# Problem to work on
Starting at the first line of the data, print every line up to and including the one with "Dame Elegant Spids", but no pictures.

---------- Provided data ----------

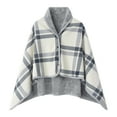 thumbnail image 2 of Gallickan Wearable Blanket, Fleece Shawl Wrap, Plaid Throws for Adults, 40x55 Inch, for Bed, Travel, and Camping, 2 of 5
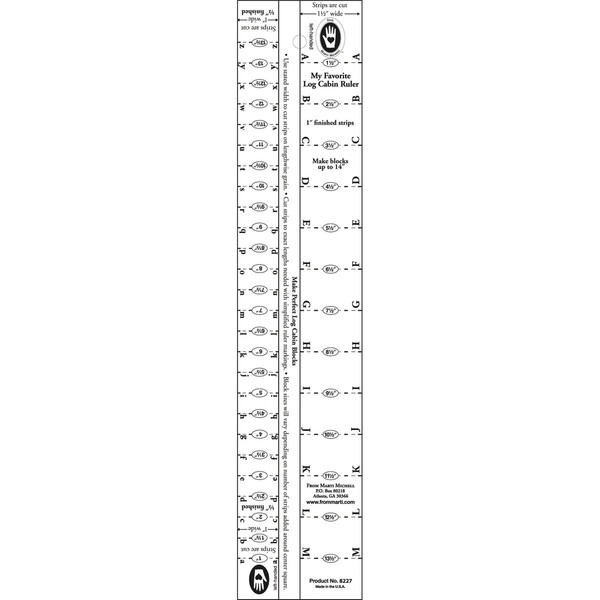 Marti Michell Log Cabin Ruler, 1/2-Inch and 1-Inch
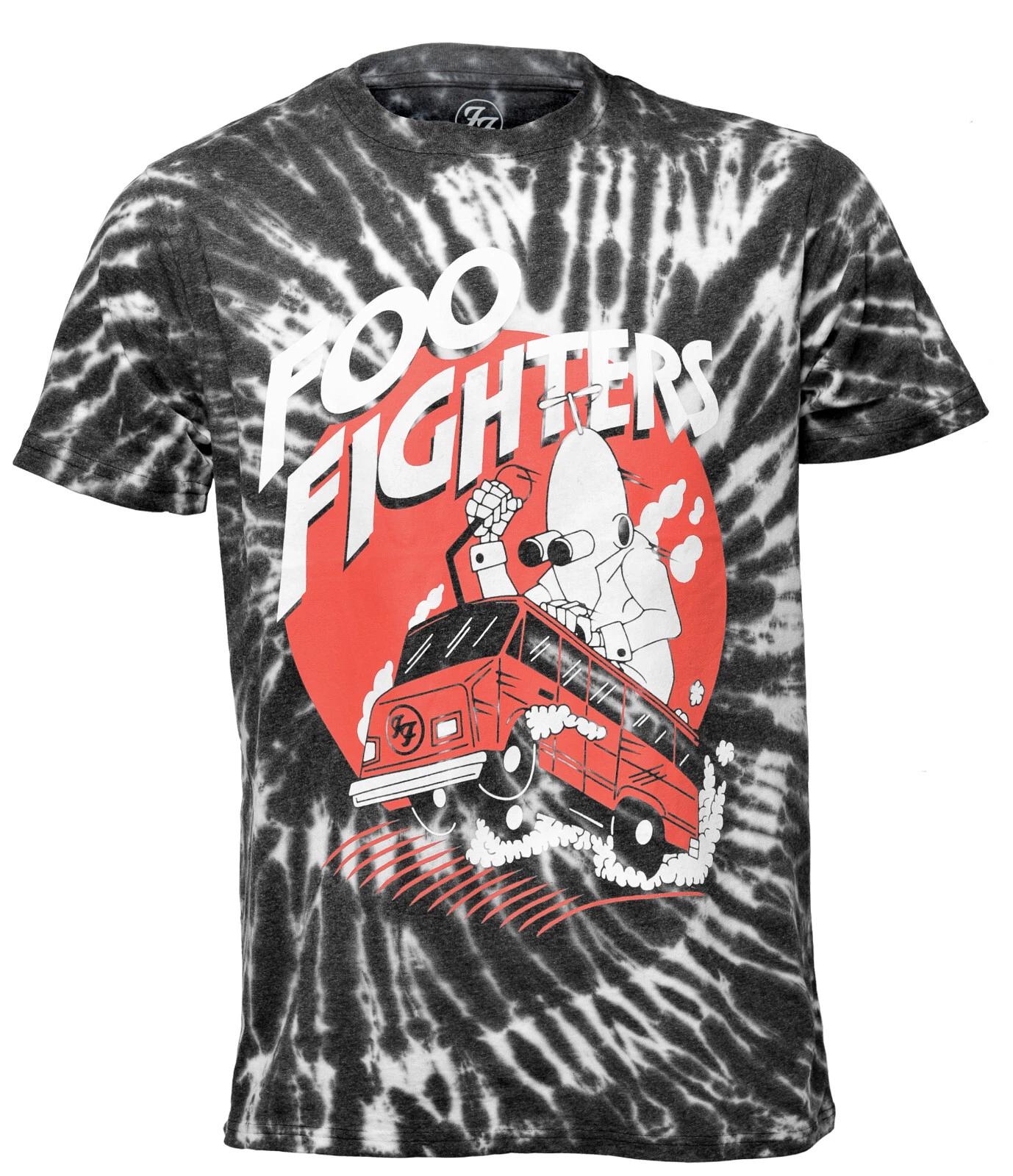 

Official Foo Fighters T Shirt Speeding Red Bus Tie Dye Rock Logo Dave Grohl New S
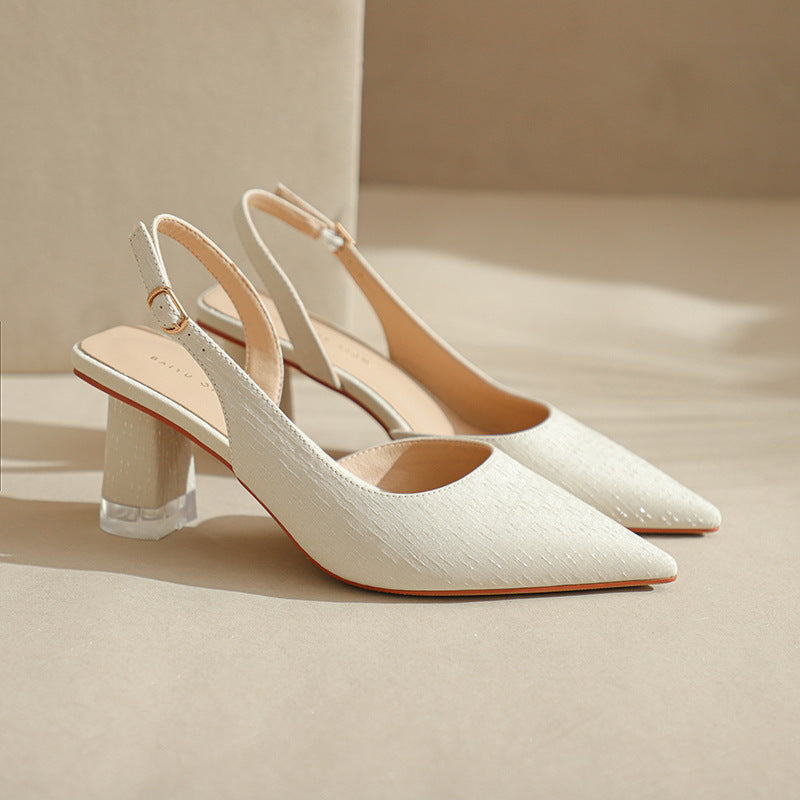 Dame Elegant Spids Tå Slingback Hæle med Transparent Blokhæle Stilla
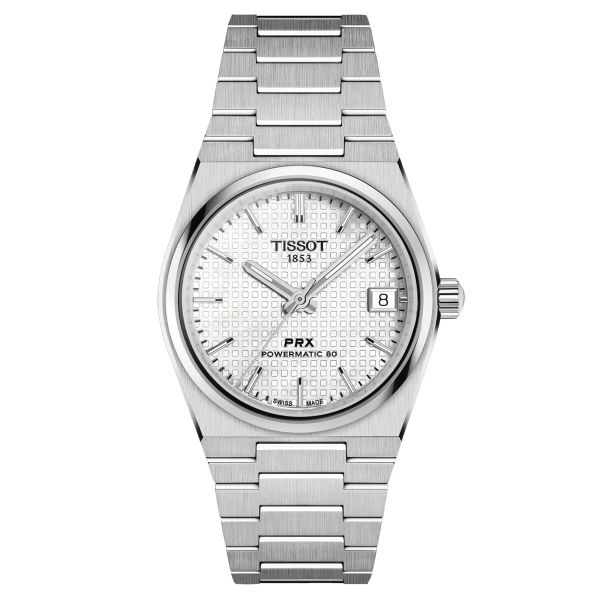 Tissot PRX Powermatic 80 automatic watch white mother-of-pearl dial steel bracelet 35 mm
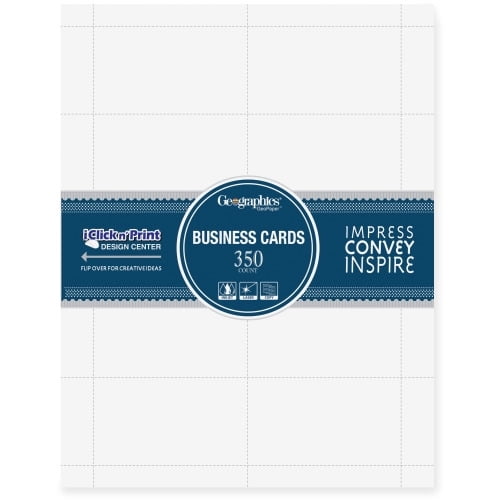 Geographics Inkjet, Laser Business Card - 30% Recycled 3 1/2' x 2' - 65 lb Basis Weight - 350 / Pack - White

----------

# Answer for this exercise
 thumbnail image 2 of Gallickan Wearable Blanket, Fleece Shawl Wrap, Plaid Throws for Adults, 40x55 Inch, for Bed, Travel, and Camping, 2 of 5
 Marti Michell Log Cabin Ruler, 1/2-Inch and 1-Inch

Official Foo Fighters T Shirt Speeding Red Bus Tie Dye Rock Logo Dave Grohl New S
 Dame Elegant Spids Tå Slingback Hæle med Transparent Blokhæle Stilla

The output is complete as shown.